To promote the campaign “Call out the Climate Change Deniers” of “Organizing For Action”, an email was sent to its supporters. In it there was this statement I recognized as a common repeated message: “In reality, the debate on the basics is over”. Not really surprising, we hear that in the media on an almost daily basis in different variations like “The debate is over”, “The science is settled”,…
As often in climate communication, there is a core of truth in it. As far as I know, there is not much difference between alarmist and skeptics when it comes to the basics of global warming.
Do humans put CO2 in the atmosphere?
They do, there is absolutely no doubt about that.
Is CO2 a greenhouse gas?
Sure, it is. Not exactly the most potent, not the most predominant either, but definitely a greenhouse gas.
Has CO2 a warming effect?
Being a greenhouse gas, everything else being equal, increasing CO2 levels will raise the temperature of the atmosphere.
Are temperatures now higher than 50 years ago or higher than those of 1850?
As far we can trust the sparse data until the end of the 1970s, the temperatures are now higher.
Are temperatures now highest in the last decades?
Although temperatures are rather stable for the last 18 years, we are at a high point, there is no doubt about that.
The basics are clear, for many years now, that is not the issue. The differences are going beyond that, where things are not so clear.
Whether for example a temperature increase is/will be necessarily catastrophic (and no, this was NOT investigated in those surveys of that illusive 97%). Or whether we believe we can predict/project in what state a complex, coupled, non-linear and chaotic system will be in, let’s say 100 years from now. Or whether 10 – 30 years of reliable data is enough to make solid conclusion in such a complex system. Or whether politicians can change the climate. Or whether the mathematical climate models simulate the observations well. Or whether it is scientific correct to claim current extremes are the result of anthropogenic global warming.
These are a matter of opinion, not of hard facts.
It surprises me every time that skeptics are seen as “deniers of science”, while what they don’t agree with are things beyond the basics and in the realm of uncertainties. I have been in both camps and my experience tells me that the big difference between the two states is: trust.
As a believer I trusted the scientist who came with one horror story after the other (we only hear that side). I believed they had it all settled. Although my impression was that they were exaggerating, I thought their (pessimistic) view on the world was basically correct and we, mea culpa, where the ones that caused it. The key word was indeed trust. Trust that someone with expertise looked into the matter and that they found a genuine problem.
Therefor it is no surprise that alarmists are constantly hammering on the consensus. When one unconditionally trusts, there is no need to acknowledge the (huge) uncertainties of dealing with a coupled, complex, non-linear and chaotic system. My assumption was that scientists left these uncertainties already behind and that the science was settled. At that point, no critical thinking would be required from my side, as this was already done by the “experts”. I thought they were altruistic, knowledgeable experts that had it all figured out, but were hindered by those pesky deniers.

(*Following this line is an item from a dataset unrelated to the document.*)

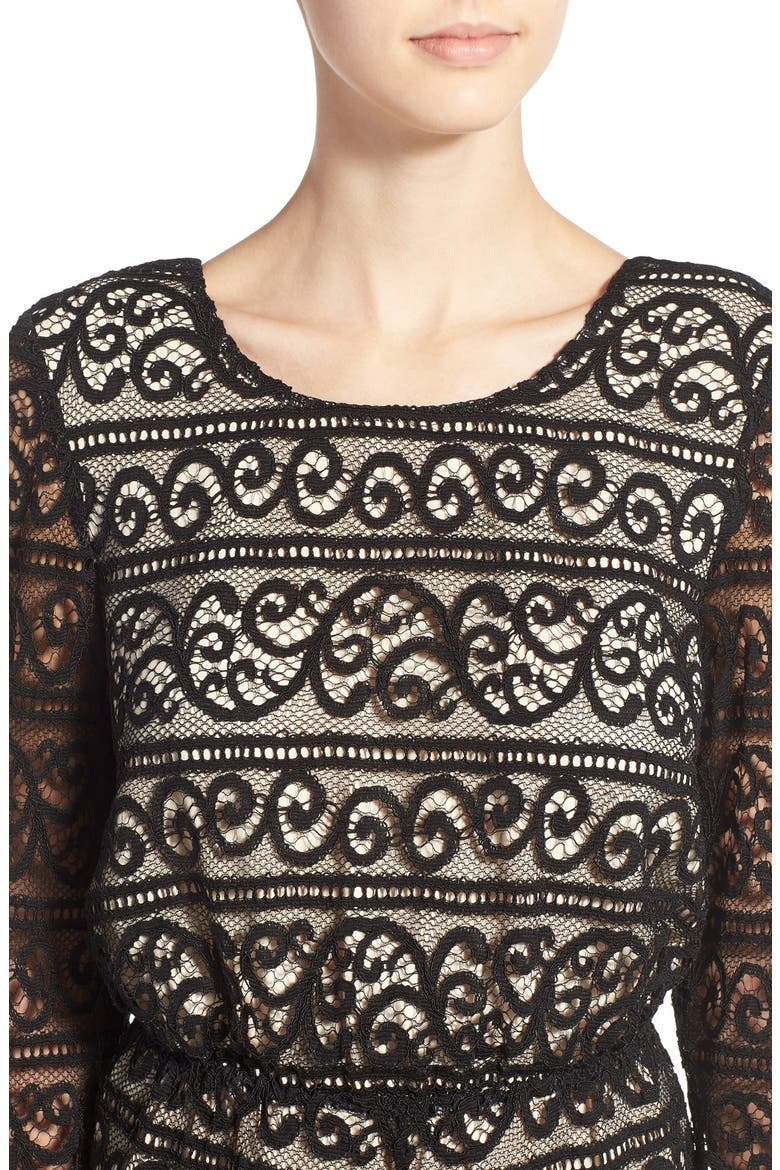 Lace Long Sleeve Romper, Alternate, color, BLACK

This trust slowly melted away when I started to look into the matter and began to realize that our Earth was a coupled, complex, non-linear, chaotic system and that so unbelievable little reliable historical global data was gathered. It would be very difficult, maybe even impossible, to be so damn sure as the media tries to let us believe. Top that of with me realizing that this was highly politicized science
I think it is this trust that is the fundamental difference between both groups. From such a view point, for an alarmist it is very difficult to understand this lack of trust and it is then very easy to wrongly conclude that therefor the other side must “deny the science”.
I like you pattern of thought.
The problem with taking things on “trust” is that people assume that the experts have already thought the issues through, getting the best of all possible explanations based on the current knowledge. But when there is a consensus to be maintained based on a perspective that is increasingly out of line with the real world, this is not true. Even if a best perspective was achieved, with complex data systems other perspectives are genuinely possible that can enrich our collective understanding.
Part of the difference between skeptics and supporters of the climate consensus is the discussions of magnitude. How big is the impact on warming of rising levels of CO2? For a short period it seemed it was quite large. But recent data, and the data before 1975, shows it to be quite small.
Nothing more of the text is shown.